Whilst Joyce and her husband Roy were founding their shop in Elliott Street, a few hundred yards away at Portman Road Alf Ramsey was building a legend. Joyce and Roy were married on 15 July 1961. Six months earlier football’s ‘maximum wage’ had been abolished, leading to the amazing phenomenon of the ‘£100 per week footballer’.  Market logic would suggest this favoured rich clubs with large crowds and big money. Yet in April 1961 Ipswich were promoted as Champions, from the Second to the First Division. Sheffield United were runners up, a little club called Liverpool were third and a tiny club named Norwich were fourth. Twelve months later, in April 1962, Ipswich Town achieved the unimaginable. We, the lads from Suffolk, the minnows, the newcomers, the country cousins, won the First Division (today’s Premiership) at our first attempt: tipping the glamorous Spurs and another outstanding provincial club (Burnley) to a hard-fought title.

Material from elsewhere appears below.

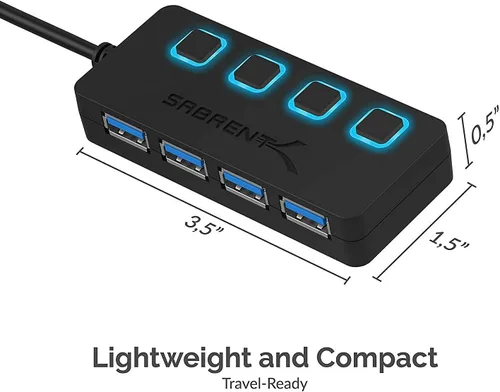 Vista 6 de SABRENT Hub USB 3.0 de 4 puertos con interruptores de alimentación individuales iluminados por LED, incluye adaptador de corriente de 5V/2.5A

And this is where we go back to that corner shop in Elliott Street. Joyce spent most of those 53 years, from 1959 to 2012, watching the people walking past her shop and talking to those who came in. One of those people was me, cutting down Elliott Street on match-day Saturdays with my own father in the 1970s and 1980s; and visiting Joyce’s shop each match-day with my own son in the 1990s and 2000s. We would buy a lucky chocolate bar or a bottle of drink of course, but most of all we would chat. Joyce loved to chat and the stories flowed: about her son Julian, about her home town of Dundee, about the war, about opera singing, about being born with her twin sister on Christmas Eve, about the sadness of her older sister’s deaths, about being the daughter of a Methodist lay preacher, about her school days and friends, about her memories of loves and hates and pretty much everything else in between.

And of course there were football-related stories in which she delighted: like the one about a cheeky kid from round the corner running errands for his mum. Knock-kneed and bandy legged, as Joyce remembered him aged nine “Kieron couldn’t even walk straight let alone run straight – I don’t know how he EVER managed to play football.” For younger readers the ‘Kieron’ of Joyce’s story was of course Kieron Dyer, who by the age of 17 was one of the most talented youngsters our famous Academy had ever produced, and who brought the club £6 million when he was sold to Newcastle in July 1999. Then there was the story of Jason, another young lad who frequented Wades’ Stores. Jason Dozzell grew up in Elliott Street, played over 300 times for Ipswich and was sold for £1.9 million to Tottenham Hotspur in August 1993. His mother stayed in the street and remained a valued customer and friend until Joyce’s recent death.

Over the years Joyce and I became firm, match day friends: and over the last few years it has been genuine friendships like that, costing no more than time and care, which have been a stronger reason to spend match-days in Ipswich than much of the expensive nonsense on and off the Portman Road pitch.  For despite the fact that Joyce claimed not to know much about football it felt to me that she knew masses about Ipswich, about living in the changing Town we love, and about serving her community.

Rest in Peace, Joyce Wade.  Thank you for the friendship, the chocolate bars and the chat; and most all for helping me to remember that football is about so much more than a slightly daft game, with way too much money.